Performance Analysis of DSRC-Based Vehicular Safety Communication in Imperfect Channels

Abstract

Vehicle-to-vehicle (V2V) communication empowers vehicles to share information by broadcasting basic and critical safety messages. Dedicated short-range communication (DSRC), the medium access control (MAC) layer of which utilizes the IEEE 802.11p protocol, is a promising candidate technology for vehicular communication. Safety applications usually demand safety message dissemination to be prompt and reliable. To satisfy these strict requirements, the MAC layer of vehicular safety communication tends to adopt Distributed Coordination Function (DCF) or single-class Enhanced Distributed Channel Access (EDCA) without request-to-send/clear-to-send (RTS/CTS), acknowledgment (ACK) and retransmission mechanisms as the access scheme.

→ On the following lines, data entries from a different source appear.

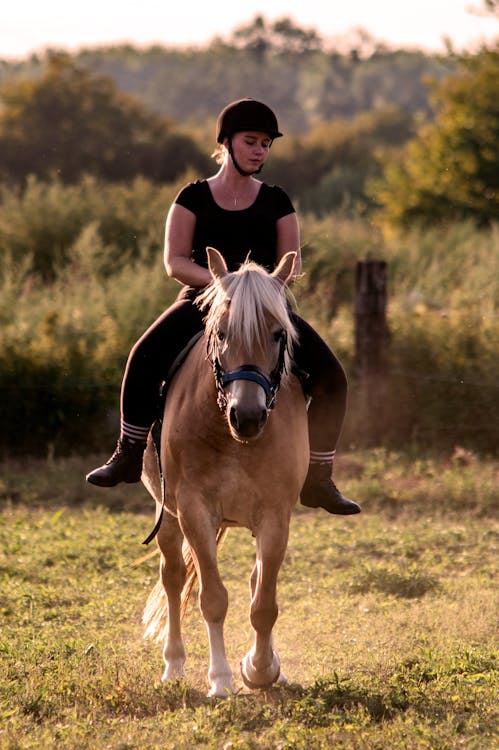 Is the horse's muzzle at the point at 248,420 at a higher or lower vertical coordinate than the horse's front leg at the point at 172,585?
higher

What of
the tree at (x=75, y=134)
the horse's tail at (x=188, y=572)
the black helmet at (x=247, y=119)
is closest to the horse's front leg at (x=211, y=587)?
the horse's tail at (x=188, y=572)

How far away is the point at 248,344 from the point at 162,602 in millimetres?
2510

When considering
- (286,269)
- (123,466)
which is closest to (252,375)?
(286,269)

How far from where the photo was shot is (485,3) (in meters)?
19.3

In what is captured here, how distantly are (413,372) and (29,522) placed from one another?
5.14m

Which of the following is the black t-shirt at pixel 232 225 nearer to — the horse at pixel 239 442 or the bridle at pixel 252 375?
the horse at pixel 239 442

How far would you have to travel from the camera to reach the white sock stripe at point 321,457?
20.9 ft

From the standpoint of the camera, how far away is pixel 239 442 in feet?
17.9

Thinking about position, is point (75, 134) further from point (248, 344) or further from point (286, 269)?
point (248, 344)

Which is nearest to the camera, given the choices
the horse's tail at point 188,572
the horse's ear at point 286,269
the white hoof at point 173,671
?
the horse's ear at point 286,269

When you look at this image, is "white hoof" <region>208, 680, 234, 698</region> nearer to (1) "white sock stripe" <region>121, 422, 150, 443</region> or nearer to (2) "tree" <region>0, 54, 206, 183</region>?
(1) "white sock stripe" <region>121, 422, 150, 443</region>

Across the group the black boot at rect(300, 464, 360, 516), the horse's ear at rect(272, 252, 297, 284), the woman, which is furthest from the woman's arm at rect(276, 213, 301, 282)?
the black boot at rect(300, 464, 360, 516)

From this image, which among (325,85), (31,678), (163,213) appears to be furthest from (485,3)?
(325,85)

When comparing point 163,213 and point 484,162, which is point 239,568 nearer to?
point 163,213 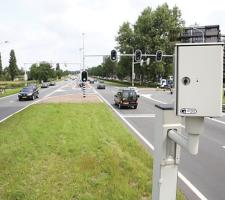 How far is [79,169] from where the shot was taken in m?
8.50

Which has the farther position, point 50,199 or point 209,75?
point 50,199

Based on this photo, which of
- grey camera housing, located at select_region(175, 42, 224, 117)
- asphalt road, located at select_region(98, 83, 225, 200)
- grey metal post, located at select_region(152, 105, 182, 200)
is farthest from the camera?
asphalt road, located at select_region(98, 83, 225, 200)

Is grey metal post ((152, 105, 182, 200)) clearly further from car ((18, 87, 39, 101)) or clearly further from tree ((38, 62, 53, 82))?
tree ((38, 62, 53, 82))

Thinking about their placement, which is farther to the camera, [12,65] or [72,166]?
[12,65]

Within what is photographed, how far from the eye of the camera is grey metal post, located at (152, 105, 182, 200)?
2.54m

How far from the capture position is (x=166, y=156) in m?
2.54

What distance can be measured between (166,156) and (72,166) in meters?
6.56

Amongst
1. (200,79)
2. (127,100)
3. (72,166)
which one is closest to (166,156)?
(200,79)

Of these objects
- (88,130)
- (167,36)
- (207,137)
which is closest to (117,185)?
(88,130)

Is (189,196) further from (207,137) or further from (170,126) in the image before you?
(207,137)

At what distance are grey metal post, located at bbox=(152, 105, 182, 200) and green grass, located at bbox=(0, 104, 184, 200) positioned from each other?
4203mm

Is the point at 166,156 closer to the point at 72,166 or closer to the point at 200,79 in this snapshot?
the point at 200,79

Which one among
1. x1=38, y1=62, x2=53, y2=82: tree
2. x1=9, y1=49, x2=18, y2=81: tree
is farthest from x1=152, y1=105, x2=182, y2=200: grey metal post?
x1=9, y1=49, x2=18, y2=81: tree

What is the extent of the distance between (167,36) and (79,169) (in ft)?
250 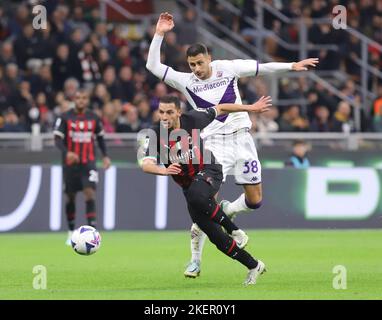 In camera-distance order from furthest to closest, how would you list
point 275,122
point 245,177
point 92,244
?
1. point 275,122
2. point 245,177
3. point 92,244

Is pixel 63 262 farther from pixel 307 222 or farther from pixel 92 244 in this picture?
pixel 307 222

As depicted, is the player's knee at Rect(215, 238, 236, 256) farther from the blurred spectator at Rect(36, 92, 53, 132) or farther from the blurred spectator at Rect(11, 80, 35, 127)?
the blurred spectator at Rect(11, 80, 35, 127)

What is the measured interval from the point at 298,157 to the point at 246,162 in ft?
21.7

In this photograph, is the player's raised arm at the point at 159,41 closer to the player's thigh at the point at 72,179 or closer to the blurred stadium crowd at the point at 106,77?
the player's thigh at the point at 72,179

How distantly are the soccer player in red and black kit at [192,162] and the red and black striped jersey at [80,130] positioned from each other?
225 inches

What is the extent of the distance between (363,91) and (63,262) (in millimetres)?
11813

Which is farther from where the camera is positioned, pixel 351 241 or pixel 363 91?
pixel 363 91

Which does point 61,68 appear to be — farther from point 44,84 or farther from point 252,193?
point 252,193

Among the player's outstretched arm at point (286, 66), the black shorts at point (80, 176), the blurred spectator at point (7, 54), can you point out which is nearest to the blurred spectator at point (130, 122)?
the blurred spectator at point (7, 54)

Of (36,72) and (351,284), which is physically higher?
(36,72)

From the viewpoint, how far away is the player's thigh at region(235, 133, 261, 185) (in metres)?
12.9

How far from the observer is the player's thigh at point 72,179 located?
16844 millimetres

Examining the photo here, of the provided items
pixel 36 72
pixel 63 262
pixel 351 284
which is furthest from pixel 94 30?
pixel 351 284

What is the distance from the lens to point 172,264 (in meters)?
13.5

As far as we know, although many numerical models have been provided to understand the IEEE 802.11 DCF performance, there is no precise model that examines the performance of vehicular safety communication exploiting such an access scheme in imperfect channels with different incoming traffic loads. In this paper, we settle this problem by developing an analytical model where the impacts of various incoming traffic loads, packet length distribution, hidden terminal effects, node mobility, the MAC layer queuing system, and the faulty radio channels are all included which no one has done this before. The experimental and numerical results reveal that the constructed model can exactly forecast the vehicular network performance of packet delay, delivery rate, and reception rate under different traffic and channel circumstances.